→ **Excerpted data**:
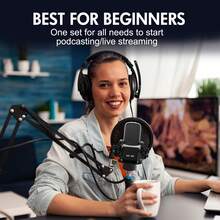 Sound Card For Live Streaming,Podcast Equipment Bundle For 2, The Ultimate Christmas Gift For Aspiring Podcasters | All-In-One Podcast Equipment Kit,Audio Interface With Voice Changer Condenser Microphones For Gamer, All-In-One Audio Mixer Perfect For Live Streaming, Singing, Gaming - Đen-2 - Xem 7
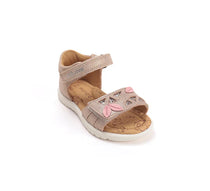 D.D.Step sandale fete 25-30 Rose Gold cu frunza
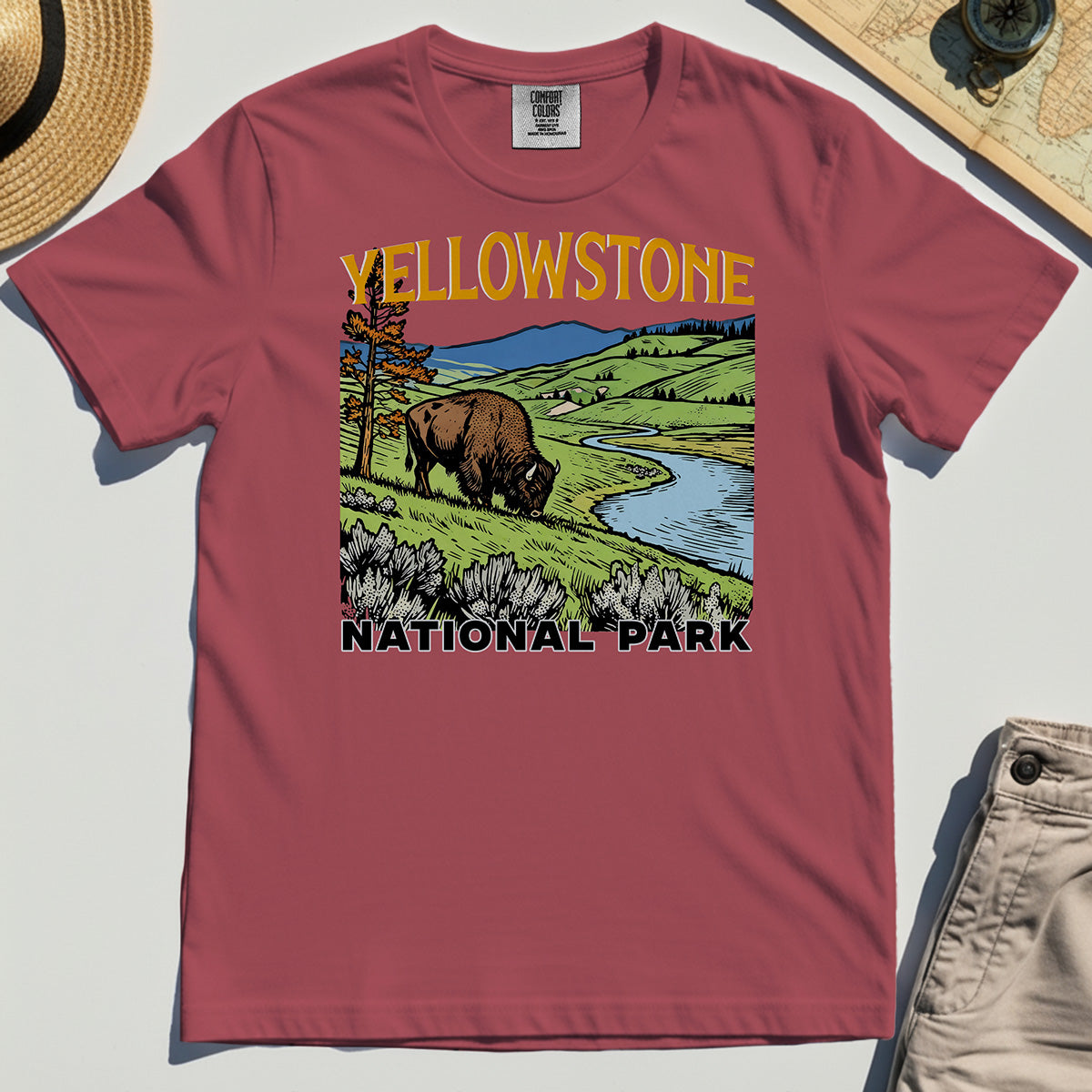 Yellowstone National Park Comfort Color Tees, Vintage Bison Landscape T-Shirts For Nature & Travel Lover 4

==

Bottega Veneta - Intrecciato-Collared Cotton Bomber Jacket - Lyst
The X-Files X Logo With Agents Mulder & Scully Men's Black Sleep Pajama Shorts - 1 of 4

--

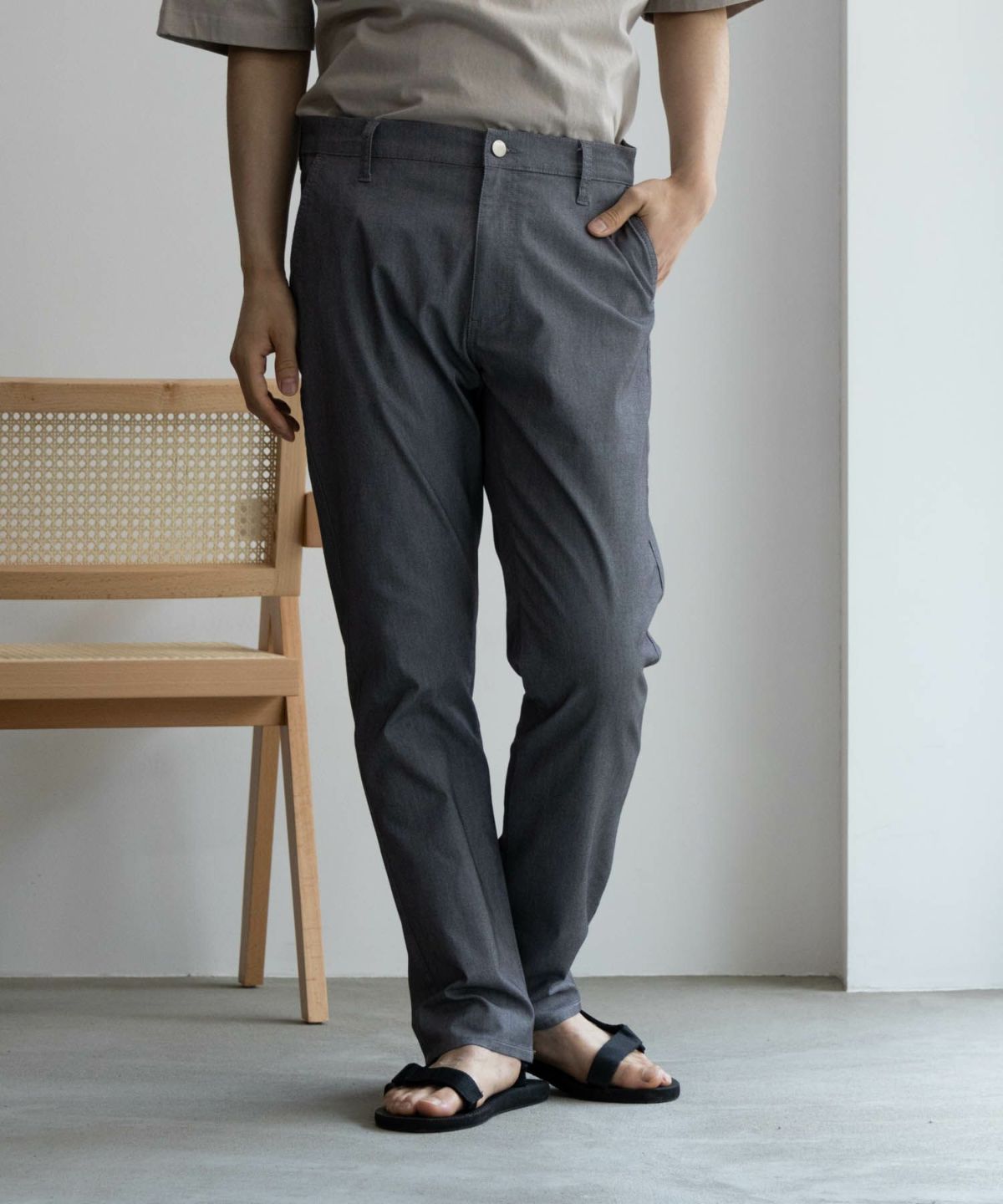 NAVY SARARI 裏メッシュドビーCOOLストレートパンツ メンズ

→ **Instructions to follow**: Pictures excluded, reproduce only the part above that opens with the line holding "Sound Card For" and closes with the line holding "Yellowstone National Park", exactly as written.

→ **Worked solution**:
 Sound Card For Live Streaming,Podcast Equipment Bundle For 2, The Ultimate Christmas Gift For Aspiring Podcasters | All-In-One Podcast Equipment Kit,Audio Interface With Voice Changer Condenser Microphones For Gamer, All-In-One Audio Mixer Perfect For Live Streaming, Singing, Gaming - Đen-2 - Xem 7
 D.D.Step sandale fete 25-30 Rose Gold cu frunza
 Yellowstone National Park Comfort Color Tees, Vintage Bison Landscape T-Shirts For Nature & Travel Lover 4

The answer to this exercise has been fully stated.